The First and the Last is a live album released by the "once-only" supergroup band New Race. The First and the Last is a collection of recordings from the various shows the band played along the east coast of Australia in 1981. New Race contained members of the band Radio Birdman; Deniz Tek, Rob Younger, and Warwick Gilbert, along with The Stooges guitarist Ron Asheton and MC5 drummer Dennis Thompson. The First and Last is often hailed as one of the greatest live punk rock albums of all time, although there is a dispute as to the true genre of the album. Radio Birdman are often regarded as one of the integral influences of Australian punk rock, but their style and sound is often compared to that of the MC5 Detroit sound, and the broad genre of proto-punk, which includes bands such as The Stooges, The Velvet Underground, and The New York Dolls.

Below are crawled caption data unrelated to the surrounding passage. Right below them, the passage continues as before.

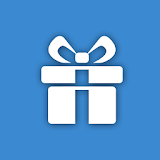 Free Gift Card Generators icon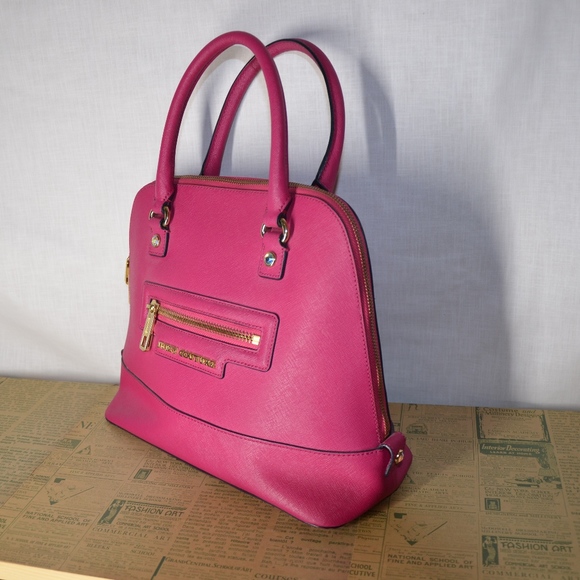 JUICY COUTURE Handbag - Picture 4 of 7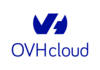 Bon plan : jusqu'à -30% sur une sélection de produits OVH (serveurs dédiés, noms de domaine, Cloud...)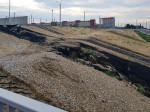 stadion infratructura volgograd - varlamov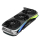Zotac GeForce RTX 4070 Ti Gaming 12GB GDDR6X - 1211877 - zdjęcie 3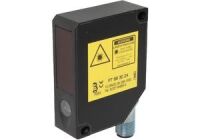 Sensor Laser, Taster, PT663024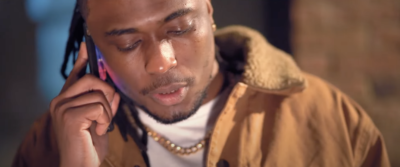 Tolu Mogul drops visuals for 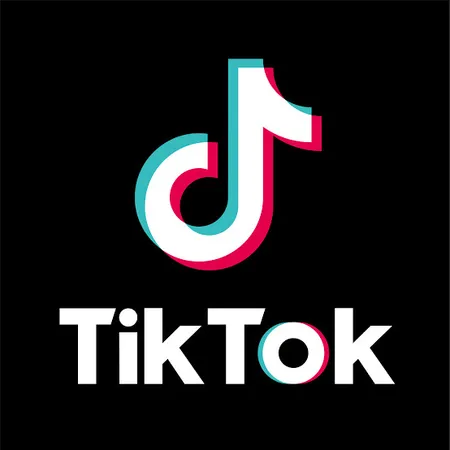TikTok Refutes Claims of Access Block in Northern Nigeria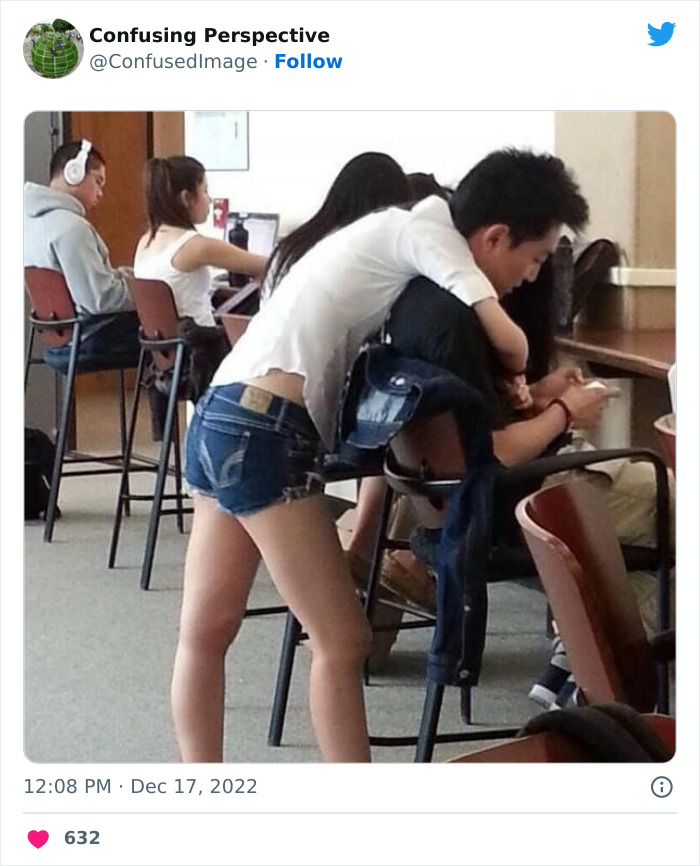 Optical-Illusion-Pics-Confusing-Perspective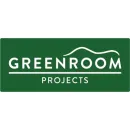 GREENROOM PROJECTS Landscaping in Auckland City AUK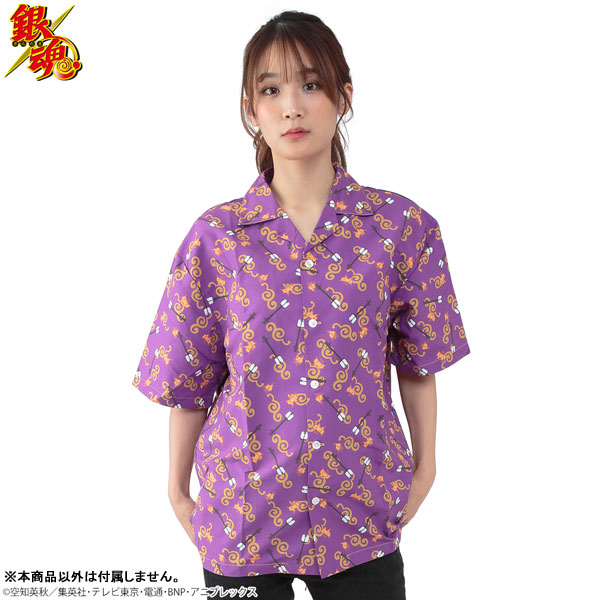 GOODS-04098797_03.jpg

While the band was recorded live, Rob Younger's lead vocal track was re-recorded in the studio before release. Several bootleg recordings of the tour on French record label Revenge show that there were no obvious issues with Younger's voice, however the original recordings with Younger's live vocal from the tour have never been released.

Professional ratings
Review scores
| Source | Rating |
| Allmusic | (4/5) |

== Track listing ==
1. "Crying Sun"
2. "Haunted Road"
3. "Sad T.V."
4. "Breaks My Heart"
5. "Looking at You"
6. "November 22, 1963"
7. "Alone in the Endzone"
8. "Love Kills"
9. "Gotta Keep Movin'"
10. "Columbia"

==Personnel==
- New Race
- Ron Asheton - Guitar
- Warwick Gilbert - Bass
- Deniz Tek - Guitar, backing vocals
- Dennis Thompson - Drums, backing vocals
- Rob Younger - Lead vocals
with:
- Chris Masuak - Third guitar on "Columbia" and "Looking at You"
- Clyde Bramley - Studio-dubbed backing vocals on "Crying Sun", "Haunted Road" and "Columbia"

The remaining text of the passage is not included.